What has to be noticed is that Ruby’s women who are under the obligation to serve foods cannot resist their husbands. The example of this servitude is an extract from a narrative of Soane, a wife of Deacon, one of the leaders of Ruby. It is useful to quote from Soane’s monologue when she is waiting in the kitchen for her husband’s return from hunting, which is followed by the scene after Deacon’s returning home:

“Look out, quail. Deek’s gunning for you. And when he comes back he’ll throw a sackful of you on my clean floor and say something like: ‘This ought to take care of supper.’ Proud. Like he’s giving me a present. Like you were already plucked, cleaned and cooked”

(100).

Shooting well that morning had settled him and returned things to the way they ought to be. Coffee the right color; the right temperature. And later today, quail without their brains would

melt in his mouth. (107)

It will be clear from those extracts that there is a complete contrast between Soane, who is reluctant to cook a hunted quail, and her husband Deacon, who, being satisfied with his victory in hunting and drinking coffee which is well prepared according to his preference, is going to eat the quail which is cooked by his wife. We should notice that hunting in this quotation functions as a means of letting out Deacon’s pent-up feelings, which suggests the assault (a disastrous event in which Convent’s women were shot to death by Ruby’s extremists) on the Convent in a sinister way. Furthermore, a quail which is shot dead and eaten by Deacon can signify not only Convent’s women, who will be shot to death by assailants including Deacon, but also Soane, who is an object to be “eaten” in the sense that she satisfies her husband’s appetites and sexual desire (here I use the term “appetites” to refer to one’s desires for foods, which is distinguished from sexual desire). When her twin sister Dovey is worried that she cannot cook good foods to gratify her husband, Soane says to her jokingly: “[i]f he [Dovey’s husband Steward]’s satisfied in bed, the table won’t mean a thing” (82); however, as the extracts above show, it is important for a wife to satisfy the appetites of her husband, including his sexual desire. It seems reasonable to suppose that the reason why we cannot find any description of women’s own eating in Ruby is that Morrison accentuates rather their obligation to fulfill the needs of her husband as a wife, than their eating. That gives a striking comparison to the Convent’s women whom we deal with next.
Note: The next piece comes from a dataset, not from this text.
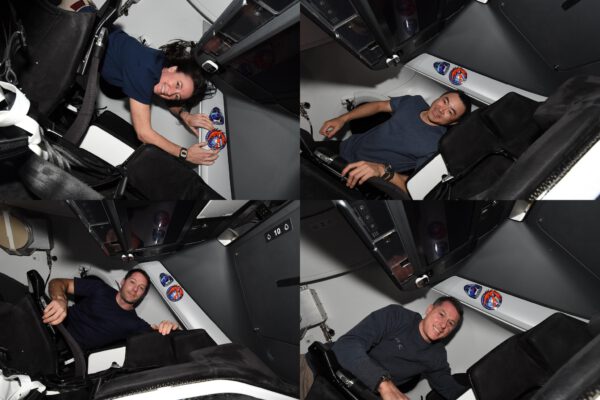 Crew Dragon, kabina Endeavour, už navštívil ISS podruhé. Při testovacím demonstračním letu dovezl posádku Bob Behnken a Doug Hurley. Podruhé dovezl posádku Crrew-2 (manželku Boba - Megan McArthur, Shanea Kimbrougha, Thomase Pesqueta a Akihiko Hošide). Posádku jsme v uvedeném pořadí měli možnost vidět u nálepky mise uvnitř kabiny Endeavouru. Zdroj: flickr.com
3. Eating Women in the Convent

The Convent, another stage of the novel, which is seventeen miles apart from the town of Ruby, is a deserted mansion which missionary sisters once used as a dormitory of Native American girls. Now only Consolata remains behind in the place, and four other women take up residence there one by one as the story goes. These four women, who respectively have the experience of being sexually repressed in the outer world, are released from men’s dominion after arriving at the Convent. The important point to note is that their trauma and the healing of it are expressed through their mattersof eating.

The good place to start is considering a Morrison’s irony that the pious sisters use the mansion, which was once used for an obscene motive, as a convent, that is, a religious, sexually strict place. Although the women are without men in the Convent, both in the house and in its furniture lies a symbolic meaning: that their bodies can still be outlets of men’s desire. In spite of sisters’ efforts to remove them, indecent furnishings remain everywhere in the house, such as “the female-torso candleholders,” a painting of “the nursing cherubim,” “the nipple-tipped doorknobs,” or a faucet of “the brass male genitalia” (72). More noteworthy is a picture of “Saint Catherine of Siena,” who serves her breasts on a plate. The picture is important as “a food porn,” which depicts women’s bodies as foods in order to appeal to men’s appetites/sexual desire. It is interesting to note that Saint Catherine of Siena, who was famous for her small eating, is depicted as

“an eaten woman” who satisfies others’ desire. When Gigi, one of four women living in the Convent, notices that K.D., a boy from Ruby, is tempted by the sight of her breasts, she cannot enjoy the boy’s desire for her as she usually does, because, without intending to, she compares the woman in the painting to herself.